= Jubbal State =

Non-salute princely state of India (?-1948)

Jubbal State was a non-salute state of the Simla Hill States Superintendency of the Punjab States Agency. Thought to have been founded in the twelfth century, it merged with the Indian Union in 1948.

==Area and geography==
The state covered an area of 297 sqmi. It was bound on the west by the Paber River and the states of Balsan and Kotkhai, the south by the Sirmur State along the Chor Ridge, the east by the district of Dehra Dun and the north by Bushahr State. It had its capital at Deorha. By the beginning of the 20th century, forests covered almost 40% of the area of the state. Forestry accounted for a bulk of the state's revenues and much of the timber was used as railway sleepers. In 1902–03, annual revenue from forests amounted to 1,00,000 rupees whereas annual land revenue stood at only 35,828 rupees. Wheat, tobacco and opium were the major agricultural products of Jubbal State.
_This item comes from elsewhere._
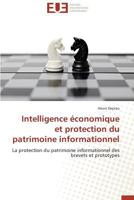 Intelligence A(c)Conomique Et Protection Du Patrimoine Informationnel 3838187520 Book Cover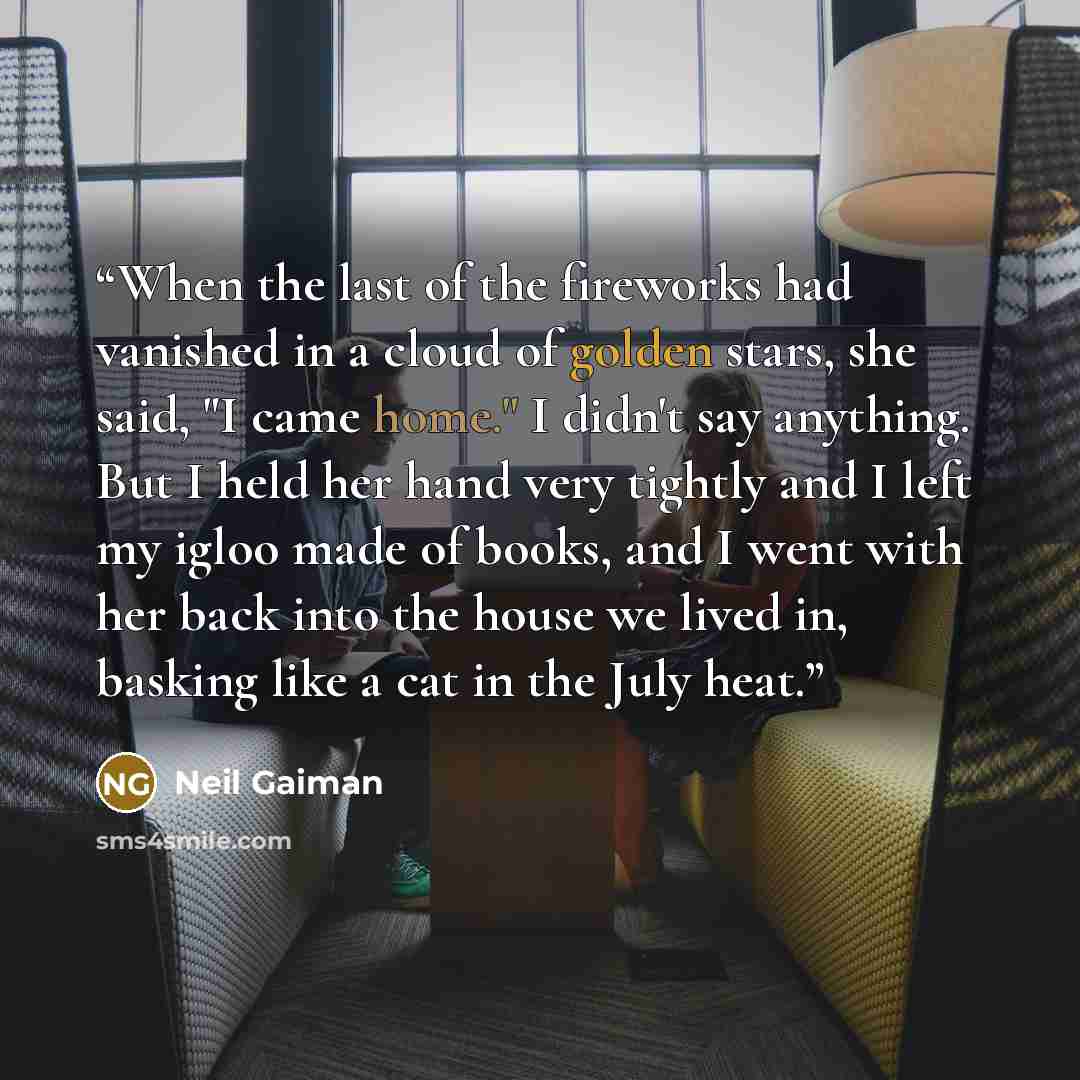 “When the last of the fireworks had vanished in a cloud of golden stars, she said, "I came home." I didn't say anything. But I held her hand very tightly and I left my igloo made of books, and I went with her back into the house we lived in, basking like a cat in the July heat.” quote by Neil Gaiman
The states of Rawingarh and Dhadi were tributary states to Jubbal State.

==Royal family==
The royal family were Rathore Rajputs and its founding ruler Karan Chand was a son of the Raja of Sirmaur. The state was one of twenty hill states collectively called the Thakuraian and the rulers of Jubbal were styled Ranas or Thakurs before the British conferred on them the title of Raja. The heir apparent was styled tikka and the younger sons of the raja were styled kanwar. Succession to the throne was governed by male primogeniture. The goddess Piri Devi was the tutelary deity of the royal family.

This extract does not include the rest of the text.